Congrats. Mine is two weeks old and I'm loving it! I've got the blue/white paint in Synapse 4 paint scheme and it looks great. You will love it.


----------



## M60 (Jul 27, 2011)

Great bikes. I got a 5 ten days ago. It only costs a bit more to go first class.


----------



## njleach (Jun 21, 2010)

congrats! :thumbsup:

i've got an '09 synapse and i absolutely love it - comfortable as on longer rides and not too bad even in the odd crit here and there - enjoy!


----------



## ChubaDub (Jun 14, 2011)

i won't pick it up until i cash a check on monday  so anxious!


----------



## Turtle Torque (Jun 13, 2011)

ChubaDub said:


> i won't pick it up until i cash a check on monday  so anxious!



Yeah. when I bought mine, I plunked down my debit card to pay it on Sat and they told me best case scenario that it would be in Wed. Worse case Fri. Mine came in on Thursday and later afternoon to boot. I had late shift and since my boss is also a roadie, she was cool with me getting my bike as long as I could get one of my co-worker to cover my shift. It all worked out.


----------



## ChubaDub (Jun 14, 2011)

oh mine is in a box at the LBS lol, well it might even be a full bike by now for all i know! 

i wasn't sure who was more surprised, the guy at the LBS when someone called specifically asking for a size 61 synapse carbon 6, since cannondale didn't have any left, or me when he said... "yeah, we got one."


----------



## Turtle Torque (Jun 13, 2011)

Yeah, I would be surprised too. 61 is not a common size. Most common size I see is 54 or 56. On occasion I will see a 52cm (51cm synapse).

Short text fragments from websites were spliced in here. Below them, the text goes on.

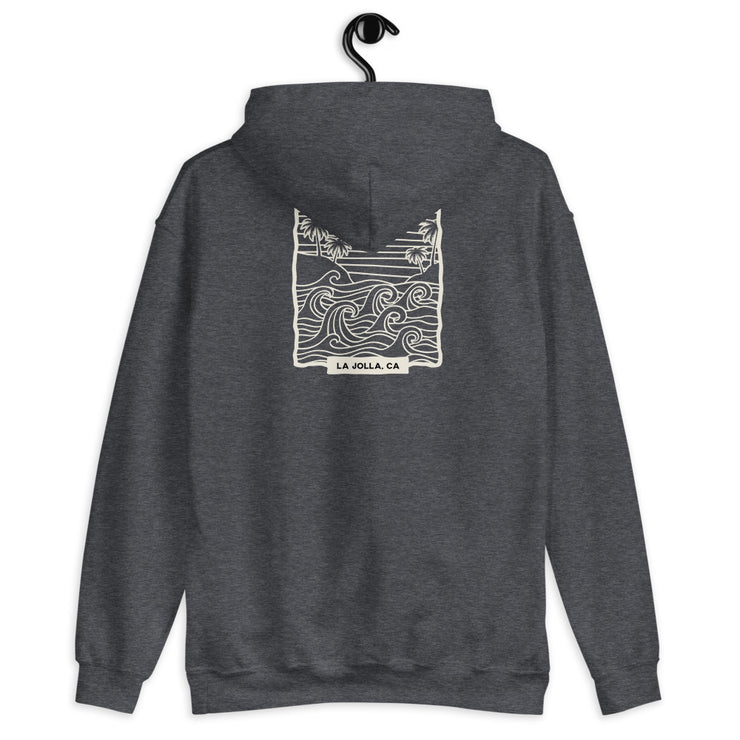 La Jolla Unisex Hoodie - Cozy Pullover Sweatshirt, California Beach Style, Perfect Gift for Surf Lovers & Ocean Enthusiasts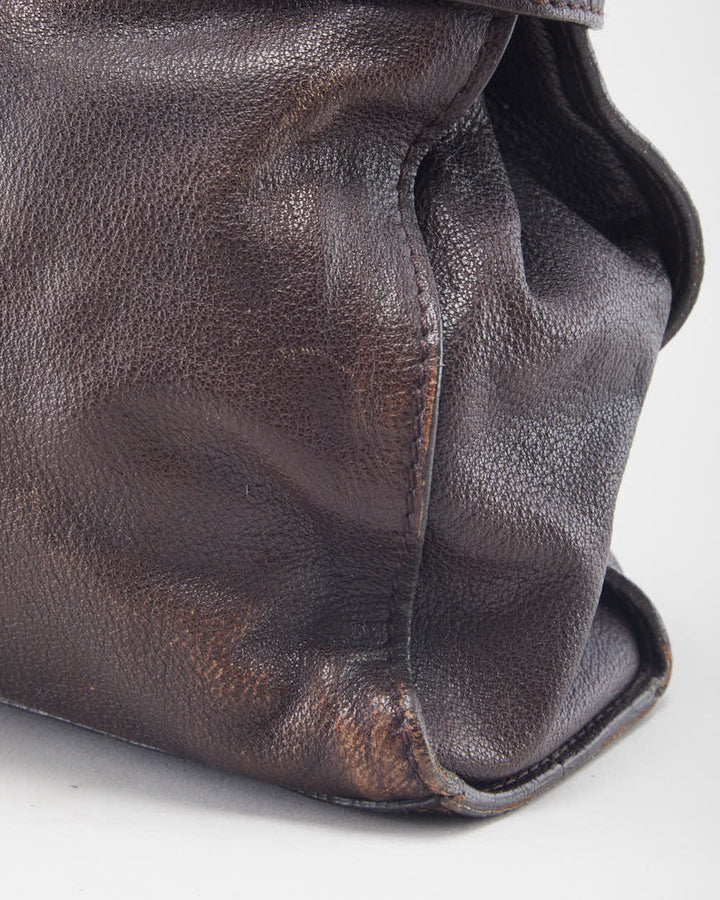 Vintage Burberry Brown Leather Handbag & Purse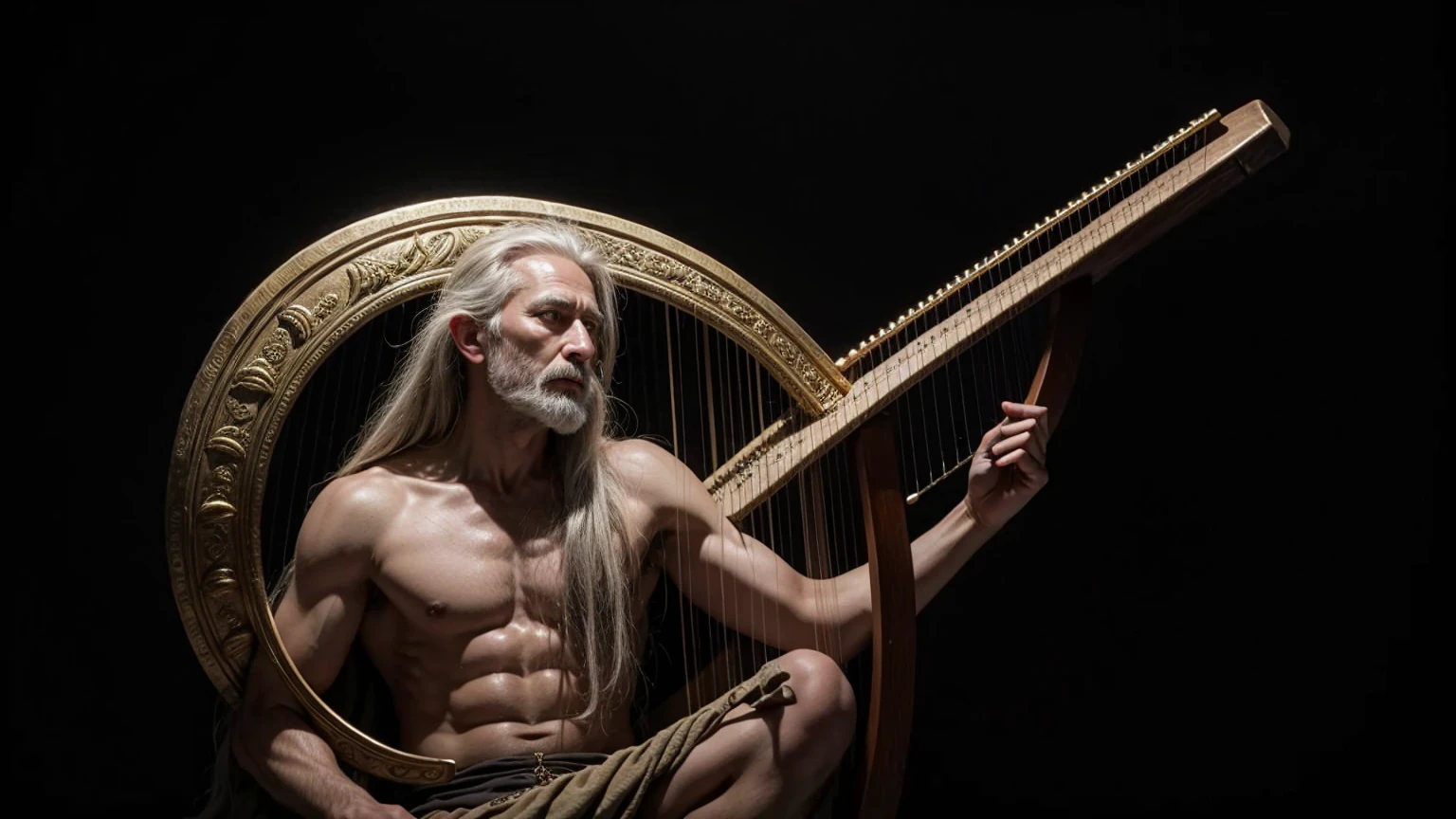ancient man playing a harp on a dark background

Never have I've seen a 61cm in any LBS store I've been too.


----------



## ChubaDub (Jun 14, 2011)

that's probably why they still had it in the box... they still managed to get 1625 out of me for it... not bad though, got 10% off of my shoes and pedals and the LBS owner nixed the tax too  ended up getting the bike, fitting, shoes, pedals, 2 cages, and 2 bottles, for 1800 OTD


----------



## Turtle Torque (Jun 13, 2011)

ChubaDub said:


> that's probably why they still had it in the box... they still managed to get 1625 out of me for it... not bad though, got 10% off of my shoes and pedals and the LBS owner nixed the tax too  ended up getting the bike, fitting, shoes, pedals, 2 cages, and 2 bottles, for 1800 OTD


That's a good deal. mine was $1818 just the bike.


----------



## ChubaDub (Jun 14, 2011)

ouch! i guess i did get a good deal


----------



## Turtle Torque (Jun 13, 2011)

this time of year is always a great time to buy a bike. LBS getting rid of last years model. I was being impatient and wanted to ride now. I'm glad I did. I've been reviewing the 2012 Synapse and I'm little skeptical. according to initial observations, the 2012 seat stay and fork has been re-designed. supposedly to dampen the road noise more and make the bike more comfortable. To me, sounds like the bike will be more "plush." Granted I bought the bike for all day bike riding, but more "plush" just sounds too plush.


----------



## ChubaDub (Jun 14, 2011)

Turtle Torque said:


> this time of year is always a great time to buy a bike. LBS getting rid of last years model. I was being impatient and wanted to ride now. I'm glad I did. I've been reviewing the 2012 Synapse and I'm little skeptical. according to initial observations, the 2012 seat stay and fork has been re-designed. supposedly to dampen the road noise more and make the bike more comfortable. To me, sounds like the bike will be more "plush." Granted I bought the bike for all day bike riding, but more "plush" just sounds too plush.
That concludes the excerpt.